Griffin and Gonzales highlighted five common core challenges regarding the barriers that prevent institutions from retaining, recruiting, supporting and sustaining women of color in the academy, which include:

  1. Women of color are presumed incompetent;
  2. Women of color are represented in such small numbers, which lead to isolation and exclusion;
  3. Women of color are expected to be engaged in diversity inclusion work for the institution, resulting in cultural taxation and emotional labor;
  4. Women of color experience less mentorship and sponsorship; and
  5. Women of color experience epistemic exclusion and injustice, which suggests that the work of women of color scholars is often considered outside the mainstream, invalid and less rigorous because it often addresses the needs and experiences of communities of color over those who are most marginalized.

“If we think about these themes, one of the things that is the most challenging about addressing them is that they aren’t just situated in a very specific place,” Griffin said. “If we think about the holistic nature of our lives as faculty members, from hiring to teaching to research to service to evaluation and promotion, these themes cut across all of them.”

Griffin and Gonzales said the three main, unique contributions made by women of color include mentorship, teaching and research.

“Thinking about the unique contributions that women-of-color scholars bring to the academy, we can just ask, ‘What are all the new, interesting kinds of questions, the different ways of framing problems that women of color are bringing to the academy?’” Gonzales said. “We think these are worthwhile in safeguarding, promoting and, of course, retaining.”

Following Griffin and Gonzales’ presentation, Ramirez-Stapleton presented a heartfelt “love letter” to women-of-color faculty.

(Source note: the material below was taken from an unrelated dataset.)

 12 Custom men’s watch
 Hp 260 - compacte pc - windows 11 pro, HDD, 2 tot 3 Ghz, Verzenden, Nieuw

According to Ramirez-Stapleton, there are 5,448 faculty who are women of color in the CSU system. She had asked these women what their experiences have been like at their CSU and shared some of those responses.

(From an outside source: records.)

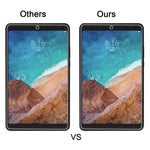 Pellicola in vetro temperato antideflagrante con durezza superficiale 9H da 0,26 mm per Xiaomi Mi Pad 4, Xiaomi Mi Pad 4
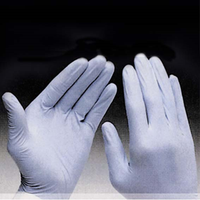 Nutex Gloves Sterile Powder Free Size 7, 40 Pairs/Box Box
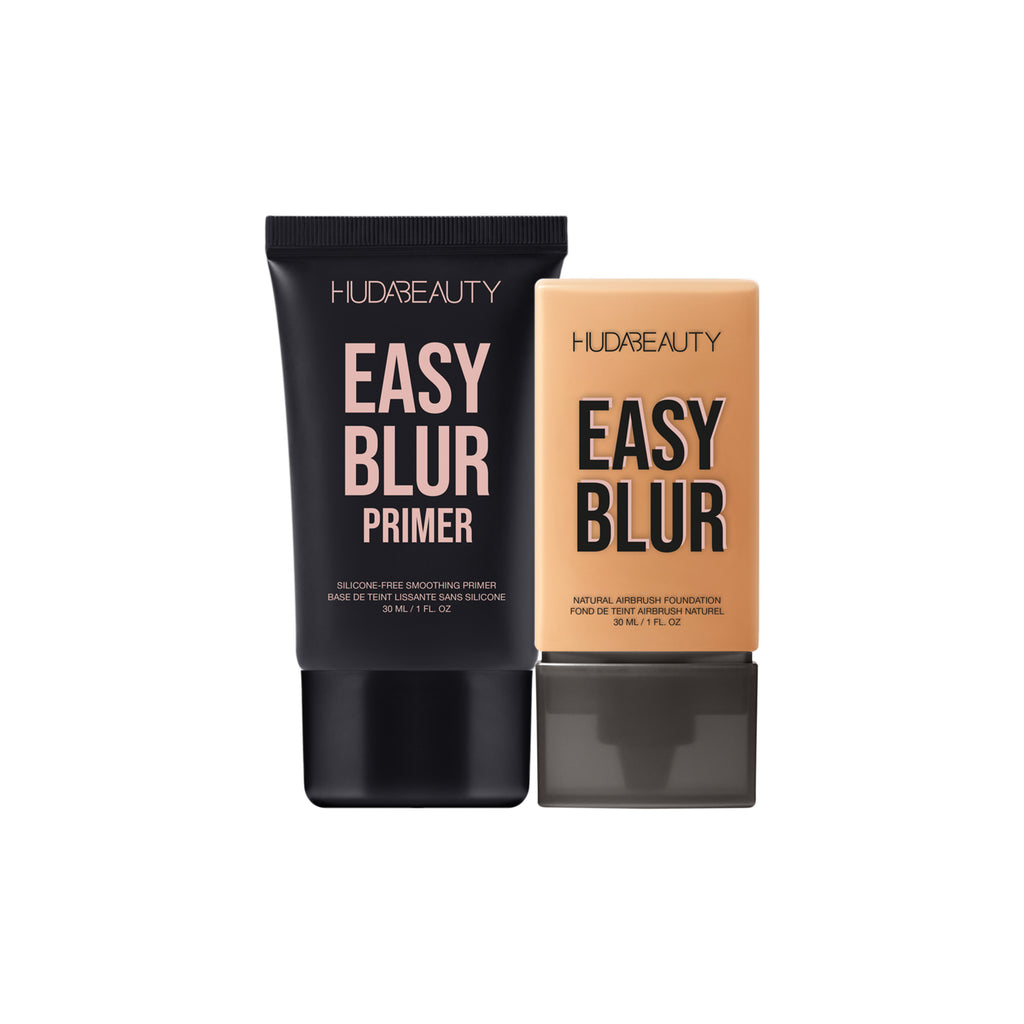 HUDA BEAUTY Easy Blur Niacinamide Foundation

“These feelings are real,” she said after reading the last response. “They’re valid, often misunderstood, critical to understanding our full and robust experience. We are not just our work, but full people with complex identities, lives, experiences that influence our existence on campuses, our connections with students, our sense of belonging in our departments, and our ability to be successful.”

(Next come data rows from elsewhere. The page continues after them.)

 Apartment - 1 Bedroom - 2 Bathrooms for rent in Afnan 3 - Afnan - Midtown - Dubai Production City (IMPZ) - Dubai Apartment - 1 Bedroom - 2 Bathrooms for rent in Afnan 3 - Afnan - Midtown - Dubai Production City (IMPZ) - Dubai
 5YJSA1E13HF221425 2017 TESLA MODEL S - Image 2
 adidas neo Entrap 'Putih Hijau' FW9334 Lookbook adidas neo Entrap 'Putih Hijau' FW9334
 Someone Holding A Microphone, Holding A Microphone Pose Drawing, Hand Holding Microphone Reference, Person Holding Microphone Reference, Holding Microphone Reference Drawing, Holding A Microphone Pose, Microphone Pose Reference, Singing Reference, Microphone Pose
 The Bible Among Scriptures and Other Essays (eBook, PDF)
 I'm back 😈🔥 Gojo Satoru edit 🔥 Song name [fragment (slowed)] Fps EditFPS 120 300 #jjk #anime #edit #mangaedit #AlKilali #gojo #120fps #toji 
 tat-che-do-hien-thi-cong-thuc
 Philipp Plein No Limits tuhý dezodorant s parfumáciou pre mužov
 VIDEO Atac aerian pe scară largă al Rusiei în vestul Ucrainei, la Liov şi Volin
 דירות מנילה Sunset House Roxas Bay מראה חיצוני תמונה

Saavedra, who is a former faculty member at CSUSB and who helped shape the university’s Women of Color in Academia, discussed the “importance of creating and fostering spaces that are critical for the survival, growth and support of Black, Indigenous and Women of Color faculty in academia.”

“Note that the first word I use in that list is ‘survival.’ The reason is that for many of us, academia is a place we need to survive on a daily basis,” Saavedra said. “On a daily basis, we contend with the forces of institutionalized racism, sexism, heterosexism, homophobia, classism and countless other -isms as well as the very real-life consequences of living and working within these power dynamics.”

Saavedra, who identifies as a Chicana lesbian, first-generation college graduate and first-generation professor, noted that they all have unique experiences.

She asked, “How do I survive and thrive in an institution and process in which the discourse does not speak to our lived realities?”

“The answer to this question lies in our ability to create spaces of support and collective liberation alongside discourses through which to articulate our bodies, our realities, our experiences within academia,” she said.

The symposium concluded with workgroups tailored to women-of-color faculty, staff/administrators, and students.

The Women of Color in Academia at CSUSB, which was established in fall 2016, was created to converge teaching, research and social action, as well as to make a space in which women-of-color faculty can discuss these aspects of their professional careers through an intersectional perspective.